The New York Times loves a story about unfounded fears about Immigrants of Color. See Melissa Eddy's August 19 report from Germany, where Angela Merkel's open-arms policies to refugees have become controversial. The story was headlined "A Summer of Angst in One of the World’s Safest Countries." Eddy began:
Germany ranks in international studies as one of the safest, most peaceful countries in the world. Overall crime has declined for the better part of a decade, and statistics show that Germans have relatively few reasons to feel insecure.
But don’t tell that to Germans in what has become their summer of anxiety. Since June, a series of crimes — some violent and seemingly random, some targeted and political; some by migrants, and some aimed at them — have jangled nerves and amplified a sense of a nation straining at the seams.
To underline "German unease," Eddy cited a horrific anecdote: "a man shoved a boy and his mother in front of an oncoming train in Frankfurt’s central station in broad daylight at the height of the summer travel season.
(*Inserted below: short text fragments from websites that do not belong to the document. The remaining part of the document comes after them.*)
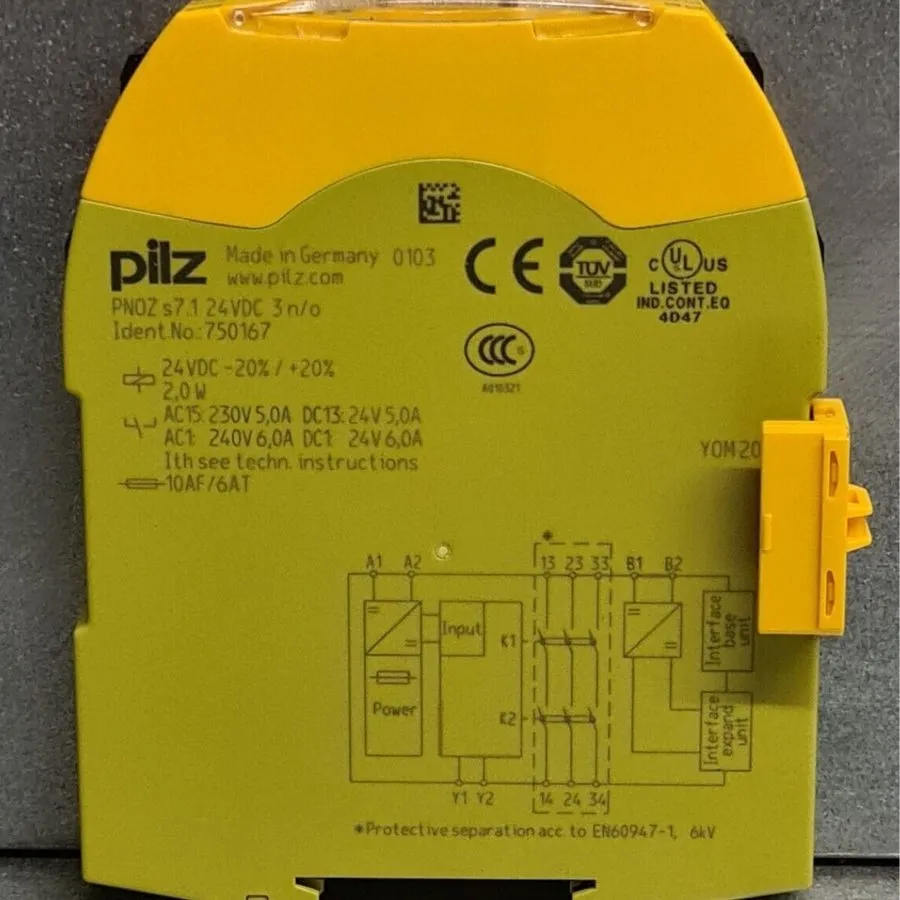 Реле безопасности PILZ 750167 Safety Relay PNOZ s7.1 24VDC 3 n/o
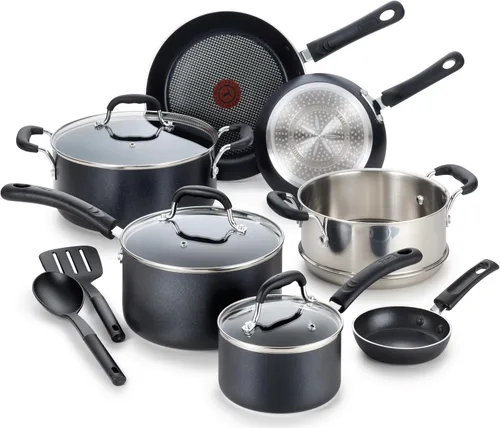 Vista 7 de [Usado] T-fal - Sartén antiadherente de titanio con tapa segura para lavavajillas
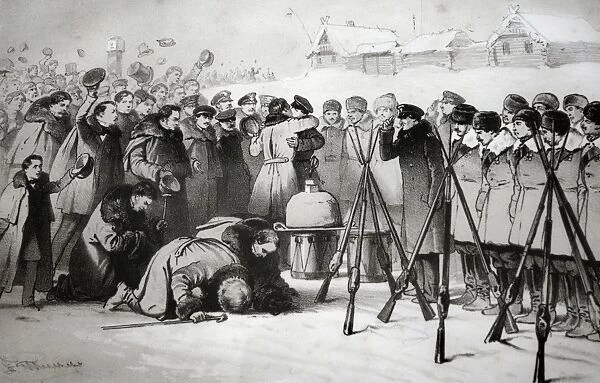 Russia. Moscow. 1856. Ceremony to welcome the participants i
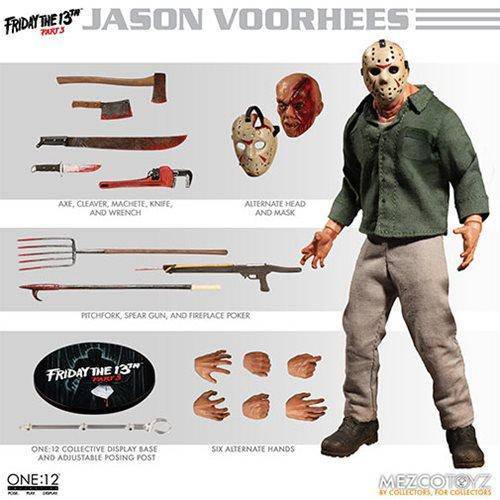 Mezco Toyz Friday the 13th Part 3 Jason Voorhees One:12 Collective Action Figure - by Mezco Toyz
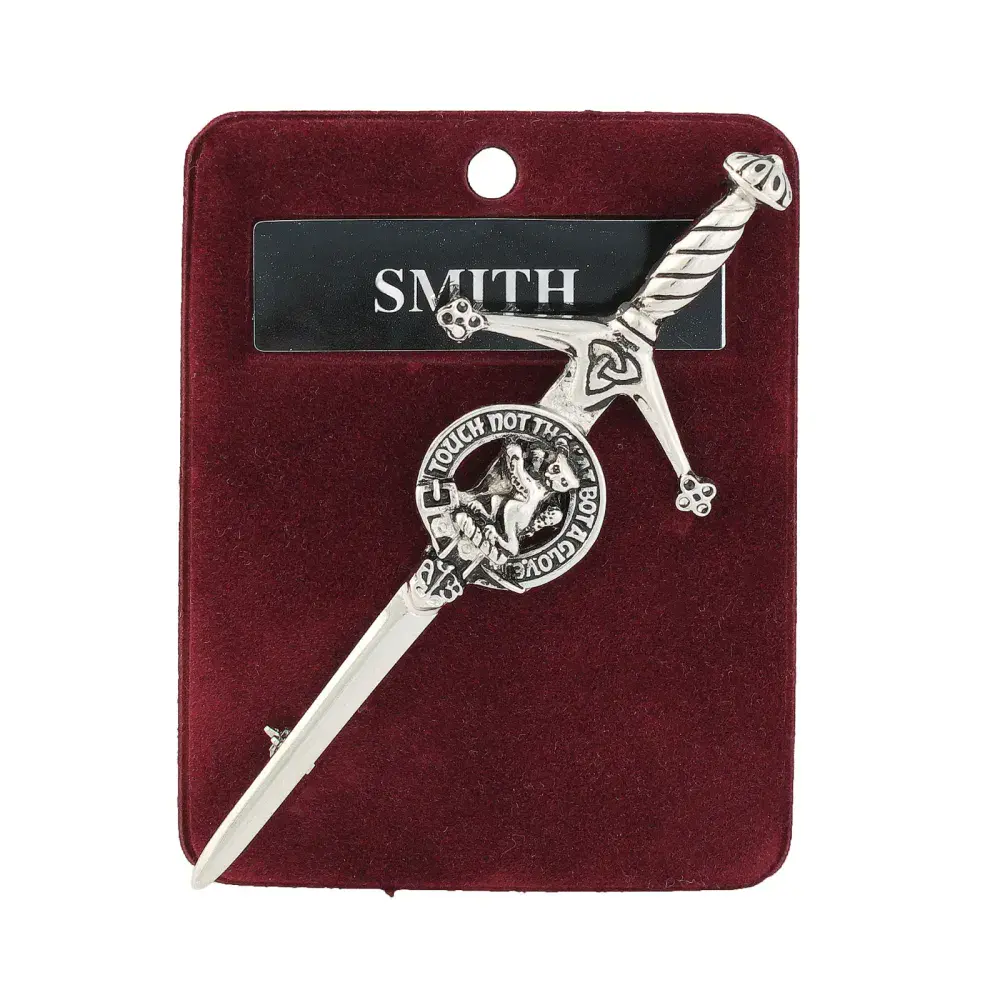 Traditional Scottish Art Pewter Kilt Pin Smith Made in Scotland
She managed to roll to safety; her 8-year-old son was crushed and killed." The Frankfurt police said on Twitter that the suspect was African, prompting "an immediate outcry from members of the far-right, nationalist Alternative for Germany party, usually referred to by its German-language initials, AfD."
Eddy pointed out that the murderer in this case -- 40-year-old Habte Araya -- was Eritrean, but he was not a refugee allowed into Germany; instead, he had been living in Switzerland for years. (He showed signs of mental illness, and had not been working.) Armed with disturbing stories like these, AfD has strongly opposed Angela Merkel's welcoming of refugees, and "immigration has become the defining issue" in German politics.
Now notice how -- in paragraph 23 -- Eddy slips in precisely why the "far right" Germans would see migration and crime being linked:
“We are living in a time of awakening, from the refugees to Brexit, Trump, Erdogan, climate change — suddenly Germans are feeling that they cannot stop time and remain in the protective bubble of prosperity that has been Germany of the past decade,” said Stephan Grünewald, a psychologist who has focused on this state of affairs.
“This has left behind a diffuse angst about the future,” he said.
Those fears are not entirely unfounded. While violent crime in Germany is down overall, according to government statistics, crimes committed by supporters of far-right ideology increased 14 percent from 2014 to 2018.
Of all crimes recorded last year, 39 percent overall were committed by non-German citizens, though they account for just 12 percent of Germany’s overall population.
Breitbart pointed out that two years ago, the Frankfurt murderer "was portrayed as a model of integration in a publication of the Swiss Workers’ Assistance."
This is what disturbed the Times the most: "Recent polls show the far-right party as the strongest force in the east, edging out the chancellor’s conservatives by one percentage point, less than a month before the first states, Brandenburg and Saxony, vote on Sept. 1."